For both, the bubble is a vital need. It is a means of self-protection which provides them with mental security, the certainty in the rightness of their cause and a sense of orientation. The world outside is cold and hostile, inside the bubble there is warmth and a sense of belonging. Anyone who tries to break the bubble will be exposed to a wave of hatred and anger that may be lethal.
This does not apply only to what is happening now. It concerns everything that has happened between the two peoples in the last 120 years, since the beginning of the Zionist enterprise in this country. Every event, large or small, without exception, appears in the collective memory of the two peoples in a different and contrary fashion. As a result, everything that is said now, everything that is proposed by one side sounds different, suspicious and menacing to the other. Every negotiation becomes a battle, every summit meeting only increases the mutual hatred.
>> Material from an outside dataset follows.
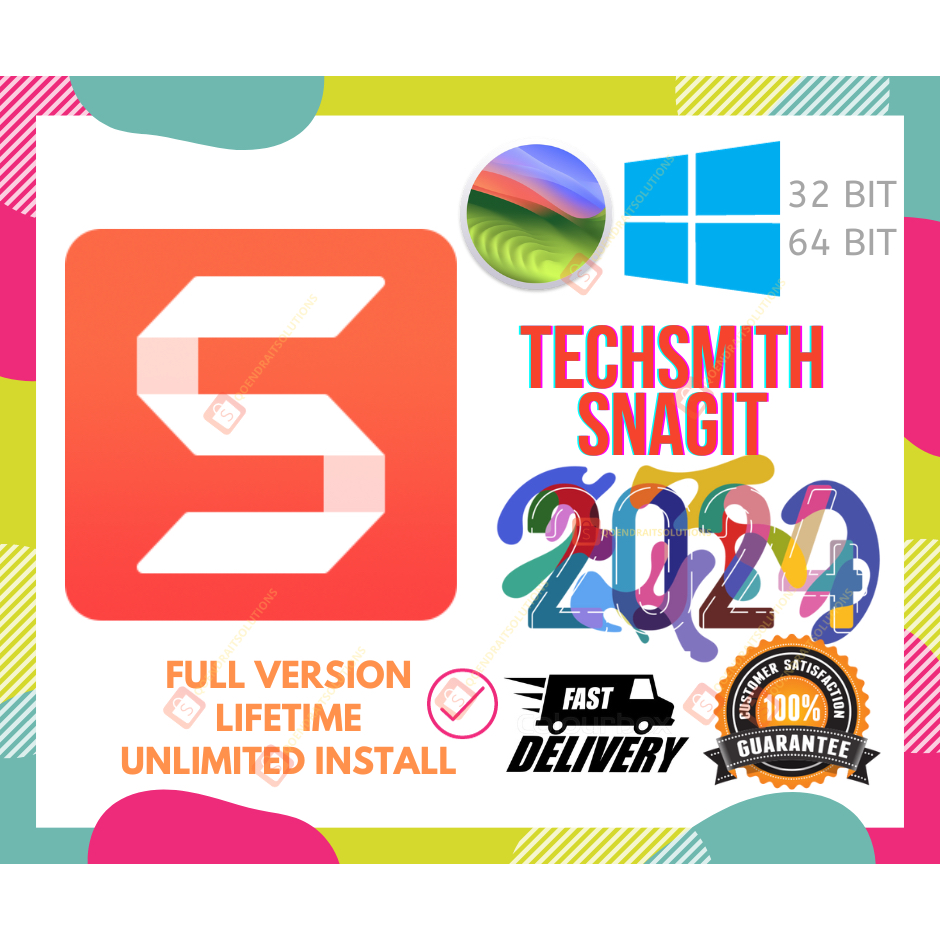 TechSmith Snagit 2024 🔥 𝑺𝑶𝑵𝑶𝑴𝑨 Supported Intel/M1/M2 Lifetime Full Version Shopee Malaysia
A vicious circle is operating: Without removing the bubbles, there can be no peace, without peace it is impossible to remove the bubbles.
And a personal note: I became convinced many years ago that this vicious circle not only must, but can be broken. Since then I have been trying to build a joint, common Israeli-Palestinian narrative that incorporates the narratives of both peoples, not by contriving an artificial compromise but by seeking the truth. I have already written books and essays about this. This week a booklet called 'Truth Against Truth' has been published by Gush Shalom. In it we have tried to outline a common narrative of the conflict, taking into account the viewpoints of both sides.
It has become clear to me that without a sincere endeavor by each side to become fully aware of the viewpoint of the other, no effort to achieve real peace between the two peoples will bear fruit.